NYT: "The Myth of Testosterone"—A Real Doozy Of HOW WE THINK NOW
05/04/2019
A+
|
a-
Print Friendly and PDF

From the NY Times opinion page, a real doozy of How We Think Now:

The Myth of Testosterone
It is not the “male sex hormone,” nor is it the key to athletic performance. Why do we insist otherwise?

By Katrina Karkazis and Rebecca M. Jordan-Young

Katrina Karkazis is a senior visiting fellow at the Global Health Justice Partnership at Yale University. Rebecca M. Jordan-Young is a professor in the Department of Women’s, Gender and Sexuality Studies at Barnard College. They are the authors of the forthcoming “Testosterone: An Unauthorized Biography.”

May 3, 2019

On Wednesday, the Court of Arbitration for Sport ruled that female athletes with naturally elevated levels of testosterone could not compete as women unless they made efforts to reduce the hormone in their bodies.

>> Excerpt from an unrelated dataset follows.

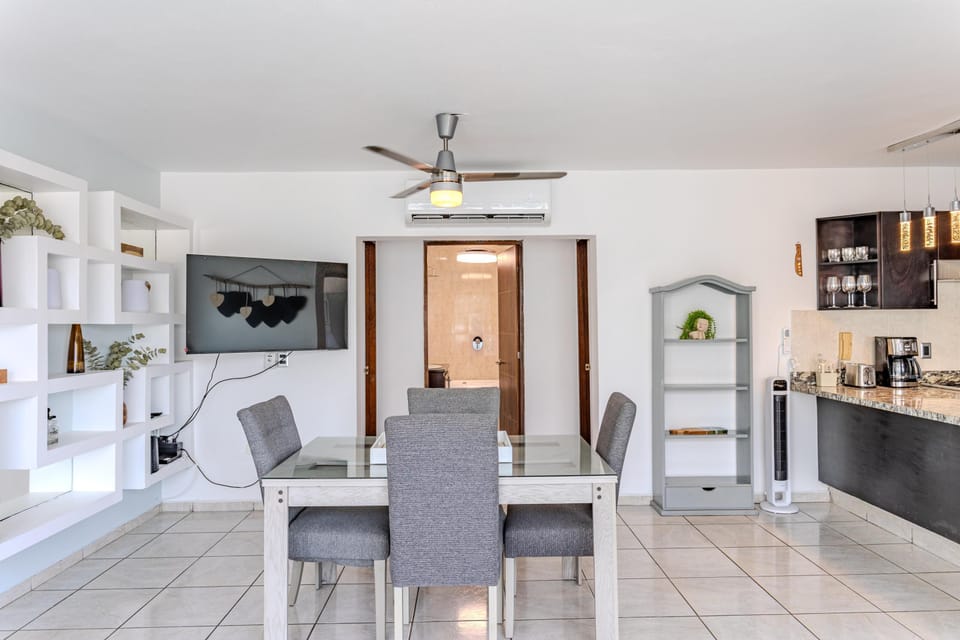 Condo - Image 6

The ruling came in a case brought by the middle-distance runner Caster Semenya against the International Association of Athletics Federations that challenged longstanding myths about the presumed masculinity of testosterone and its role in the body.

Semenya is a South African runner with undescended testicles who won the gold medal in the 2016 Olympics women’s 800 meter race. This is not a transgender person who went out of the way to make a mockery of women’s sports but simply a victim of a birth defect. On the other hand, Semenya is built like a Clemson cornerback so it’s hardly fair to force real women to compete with Semenya.

But it’s a symptom of the deconstructionist madness of our times as exemplified in this op-ed that Semenya was allowed to win a women’s gold medal.

Her loss demonstrates just how entrenched those myths have become.

For a century, talk about testosterone as the “male hormone” has woven folklore into science, so that supposedly objective claims seemingly validate cultural beliefs about the structure of masculinity and the “natural” relationship between women and men.

Labeling testosterone the male sex hormone suggests that it is restricted to men and is alien to women’s bodies, and obfuscates the fact that women also produce and require testosterone as part of healthy functioning. Even the earliest hormone researchers understood that testosterone has wide-ranging effects on metabolism, liver function, bones, muscle, skin and the brain in both sexes.

But because early hormone researchers were fixated on sexual anatomy and reproduction, they gave short shrift to testosterone’s myriad effects, treating it as both oddly narrow — that it is about things men have more of — and overwhelmingly powerful.

Of course, it’s one thing for myths to persist in the public imagination. But what has puzzled us in nearly a decade of research is how these ideas have gained so much traction among the organizations that regulate sports, when the evidence needed to support them is largely absent or contradictory.

And yada yada yada … Paging Jose Canseco: two lady professors need some info on how the world works.